In the letter to the Constitution Implementation Oversight Committee chairperson, Mr Njoroge Baiya , dated November 8, a copy of which Standard on Sunday has seen, CIC chairman Charles Nyachae said that they are concerned about the raging conflicts between the judiciary and parliament and their possible impact on the rule of law and the implementation of the constitution.
CIC has also indicated that in view of the gravity of the matter, they have separately written to the Head of State to convene an urgent meeting will all the heads of the concerned institutions and any other interested parties , the President may deem necessary to discuss possible solutions to the emerging crisis.
‘’ The most recent expression of this conflict occurred when the National Assembly Committee of Justice and Legal Affairs summoned members of the Judicial Service Commission (JSC) to respond to issues raised over the sacking of the Chief Registrar of the Judiciary, Gladys Boss Shollei ," Nyachae said in the letter.
He said in the letter that members of JSC refused to honour the said summons , quoting inter alia ,the independence of the judiciary and of the commission.
‘’ We believe that the actions by the JSC members compromised Parliament’s mandate to exercise oversight over State organs as provided in Article 95(5)b and that the members in any event acted contrary to the express provision of the article 125 of the Constitution , which allows Parliament and any of its committee to summon any person to provide information,’’ Nyachae said.
The CIC boss explained that the intensity of the conflict has now increased with the recent ruling by the speaker of the National Assembly,Justin Muturi in which he ruled that the National Assembly is not subject to any orders from the Judiciary in respect of its proceedings.
"In our own view, this position runs counter to the Constitutional granted to the Judiciary under article 159 to do justice to all irrespective of status and in particular the jurisdiction of the High court to hear and make determination on any question as to whether anything said to be done under the Authority of the Constitution or any law is in conflict with or is contravention of the Constitution,’’ Nyachae added.
Nyachae said that remarks by the Speaker in one of his meetings with members of the Kenya Private Sector Alliance on November 7th that the decision of the Supreme Court on division of revenue Bill has no relevance and that whatever the court said is its own position and does not affect the decision of the Assembly is of even greater concern.

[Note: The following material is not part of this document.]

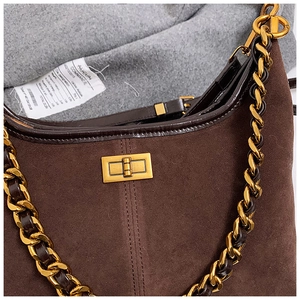 Nahaufnahme der braunen Wildleder-Beuteltasche mit goldenem Drehverschluss und Kette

"Our concern is that the continued rejection of each other’s constitutional powers by the two critical arms of the government poses major challenges to the rule of law and will inevitably compromise the implementation of the constitution in which the two institutions are principal players," Nyachae further said .
He added, indeed if the two institutions reject each others jurisdiction, they will create an environment where other organs will reject oversight by the two authorities on similar grounds thus leading to possible anarchy.
"As the parliamentary committee mandated to look into ways of resolving impediments to implementation of the constitution, we would like to hold an urgent meeting with you to consider ways in which we can work together to mitigate the looming crisis, even as we await the actions of the Head of State," Nyachae told Baiya in the letter.